EXERCISE. Print exactly the lines that run from the opening line of the material through the line with "Foto 11 van Gisbert Schairtweg 46", and nothing else, leaving out pictures.

○ ○ ○ ○ ○ ○ ○

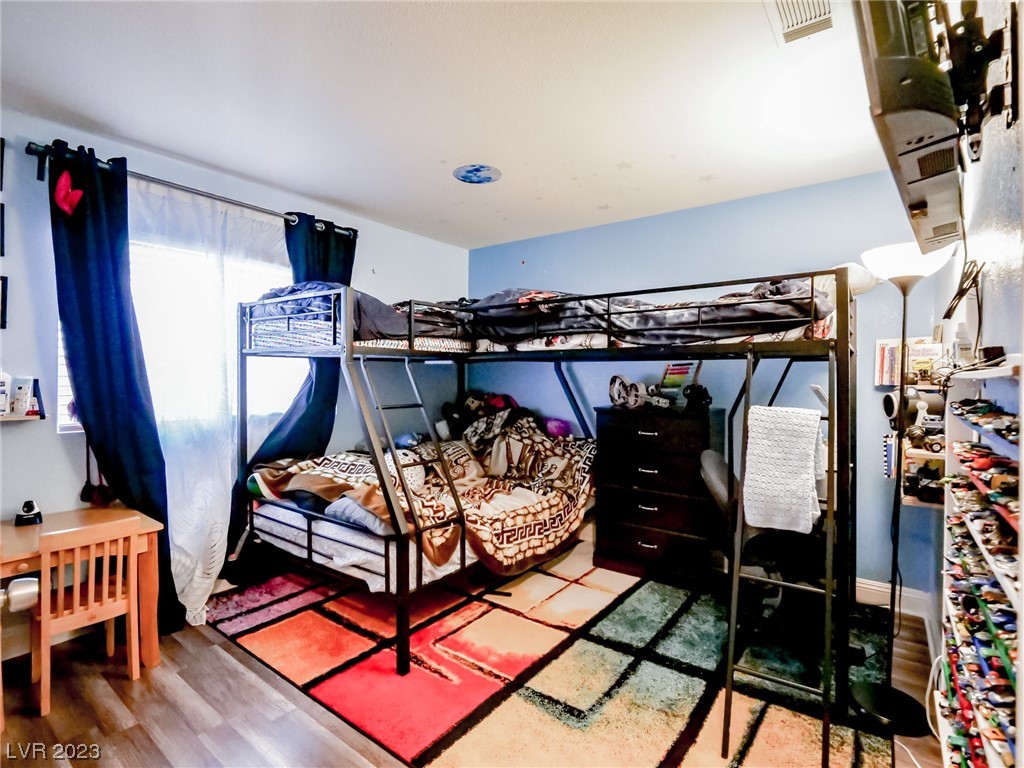 7405 Wildwind Drive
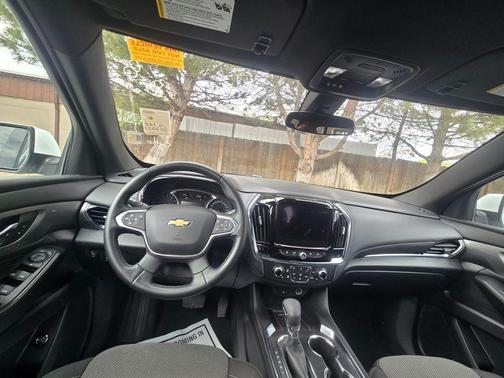 White 2023 Chevrolet Traverse LT Cloth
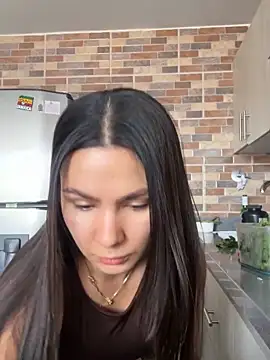 Snapshot of SofiaG_ chatting on 09/21/25, 02:51 SofiaG  online show from 09/21/25, 02:51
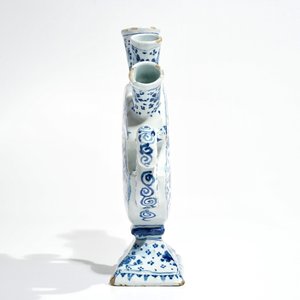 A Dutch Delft blue and white tulip vase with floral design, 18th C. — photo 4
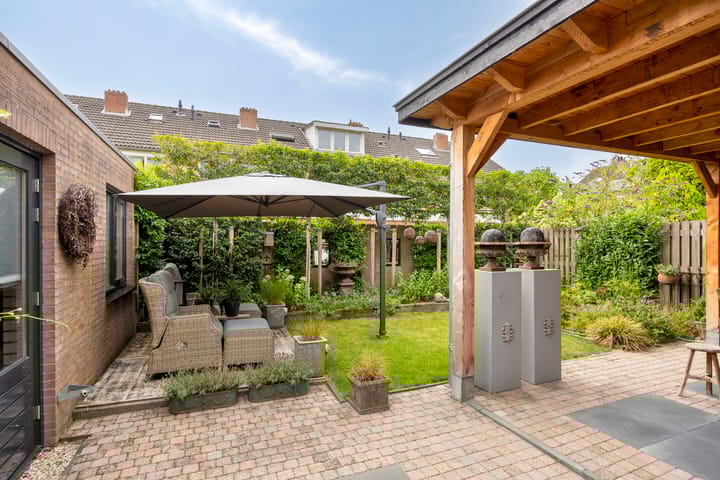 Foto 11 van Gisbert Schairtweg 46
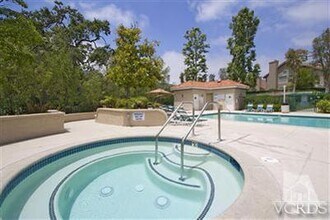 188 St Thomas Dr in Oak Park, CA - Building Photo - Building Photo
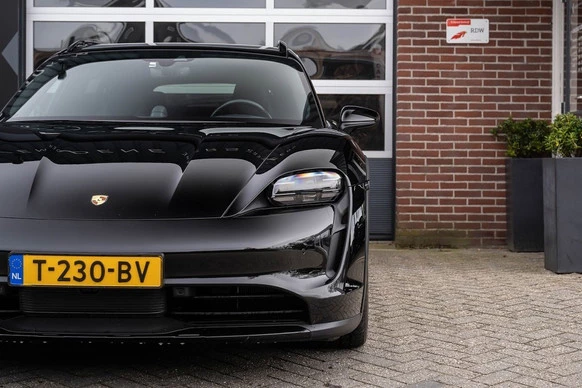 Porsche Taycan - Afbeelding 23 van 30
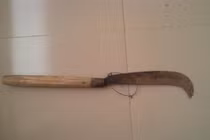 Đòi “yêu” giữa đêm, chồng bị vợ chém trọng thương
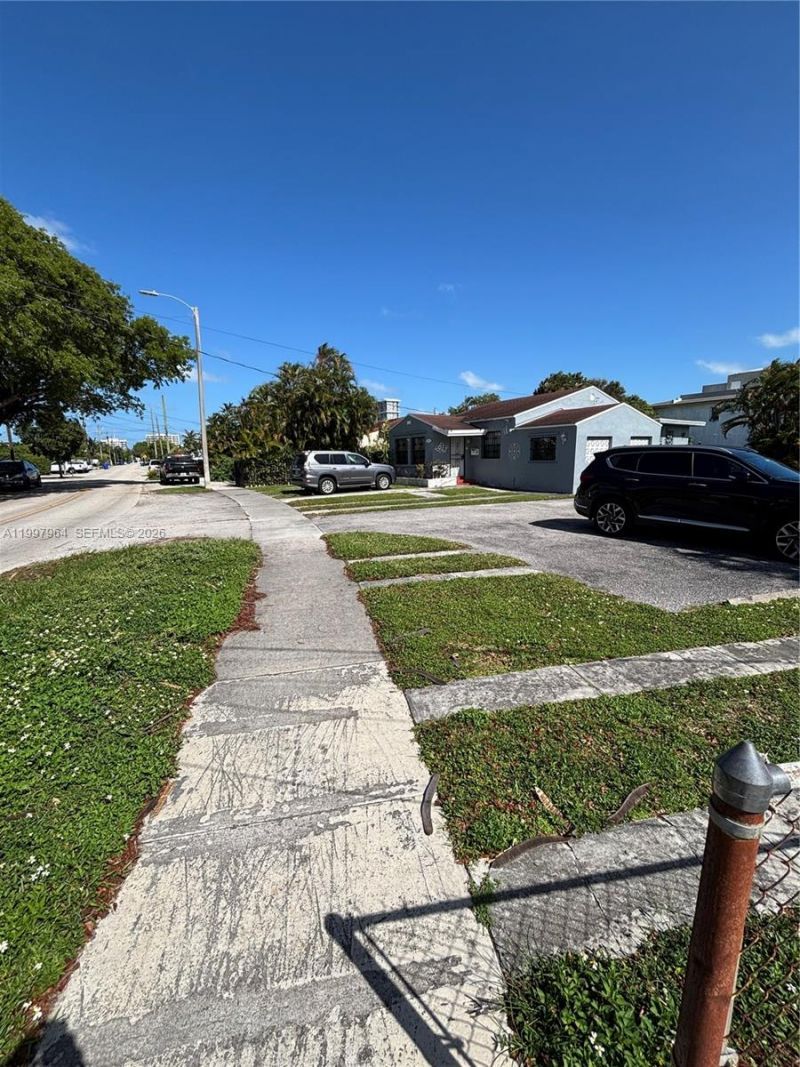 3180 SW 26th St, Miami, FL 33133 Photo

○ ○ ○ ○ ○ ○ ○

RESPONSE.
 7405 Wildwind Drive
 White 2023 Chevrolet Traverse LT Cloth
 Snapshot of SofiaG_ chatting on 09/21/25, 02:51 SofiaG  online show from 09/21/25, 02:51
 A Dutch Delft blue and white tulip vase with floral design, 18th C. — photo 4
 Foto 11 van Gisbert Schairtweg 46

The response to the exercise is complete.